◆ **Task requirements**
The answer should hold only the lines from the one containing "Lovely Home In" through the one containing "Image of Hawkesbury" in the entries below, copied exactly, without pictures.

◆ **Extracted data**
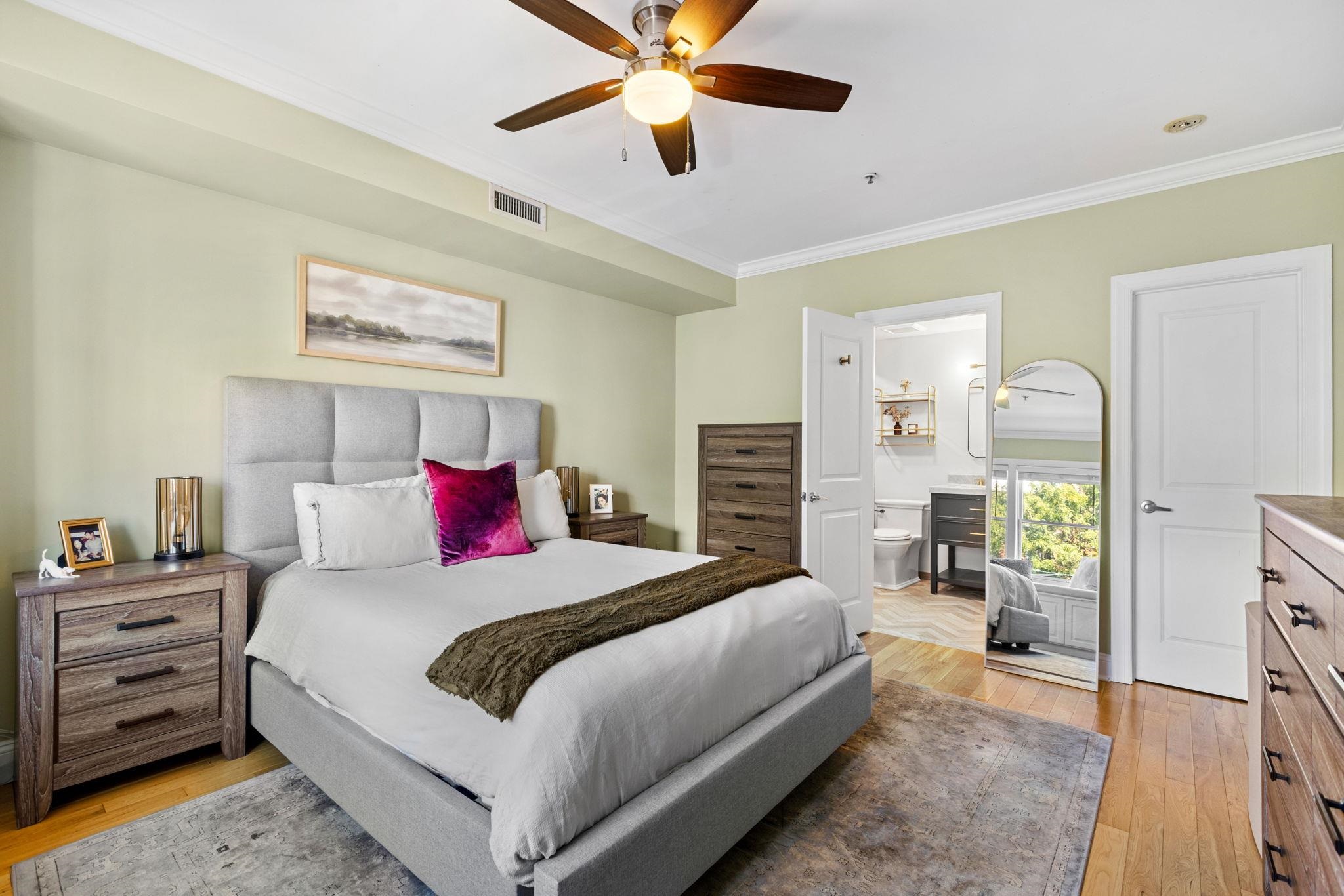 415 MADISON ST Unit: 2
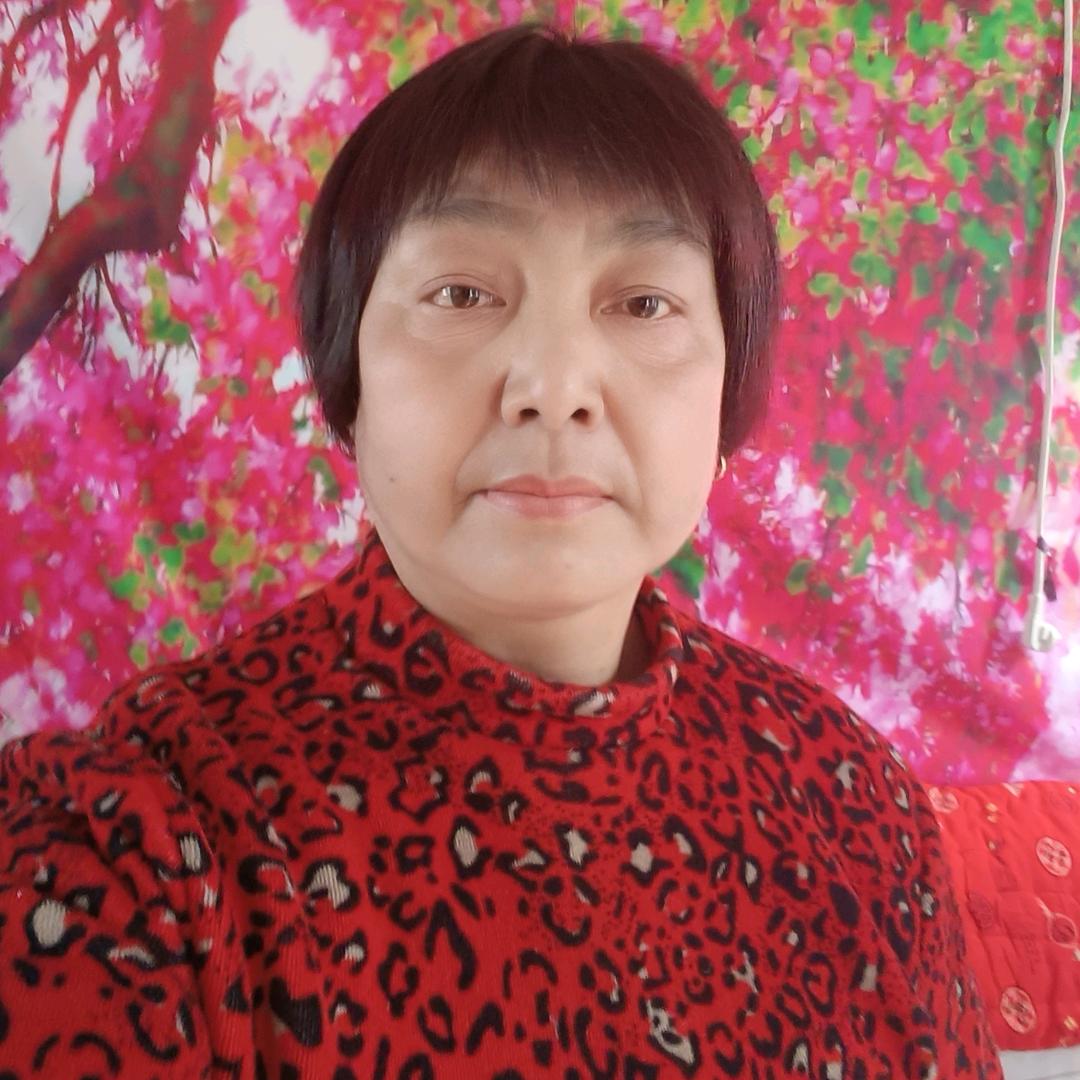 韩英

==

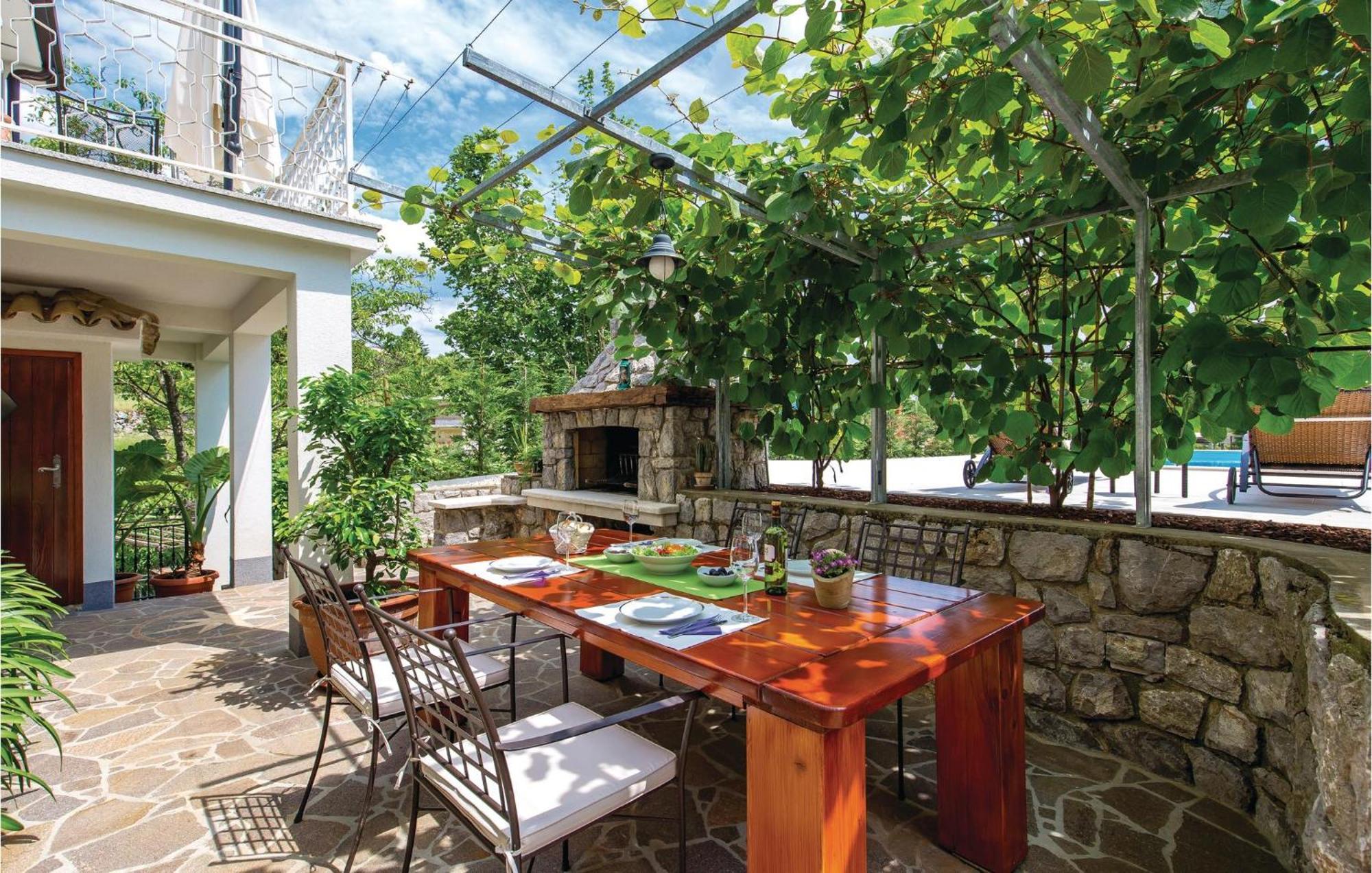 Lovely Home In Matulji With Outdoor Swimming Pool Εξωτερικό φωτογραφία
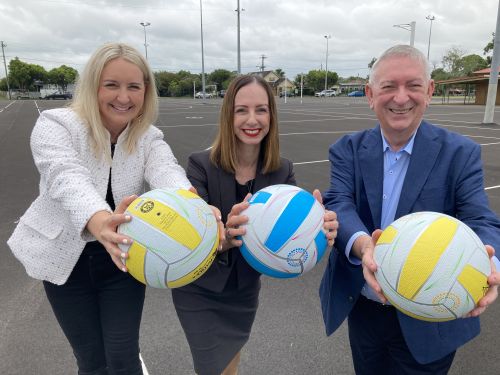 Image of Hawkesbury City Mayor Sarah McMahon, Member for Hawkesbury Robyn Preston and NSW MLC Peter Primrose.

...

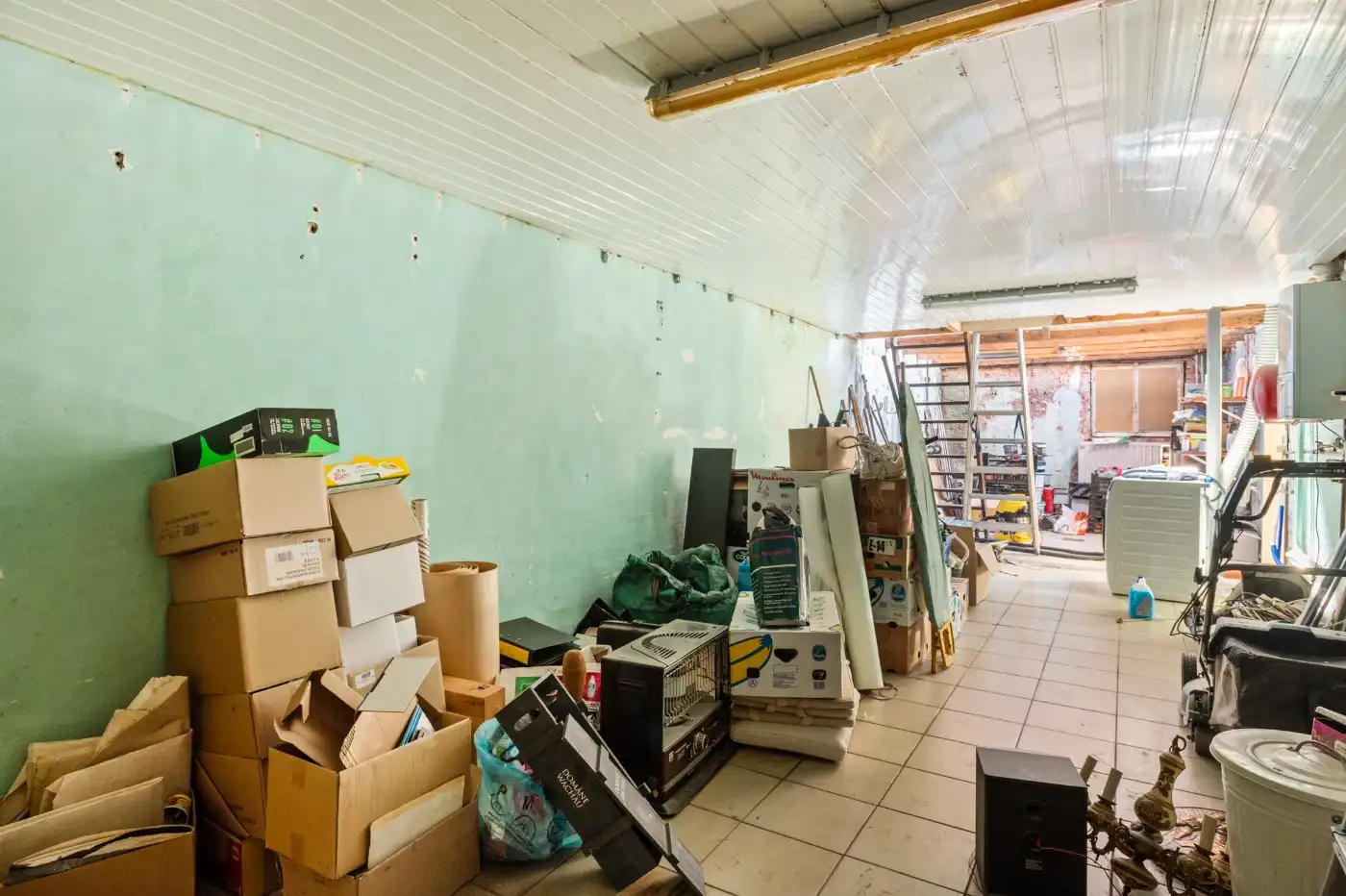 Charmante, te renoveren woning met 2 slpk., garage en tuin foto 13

◆ **Response**
 Lovely Home In Matulji With Outdoor Swimming Pool Εξωτερικό φωτογραφία
 Image of Hawkesbury City Mayor Sarah McMahon, Member for Hawkesbury Robyn Preston and NSW MLC Peter Primrose.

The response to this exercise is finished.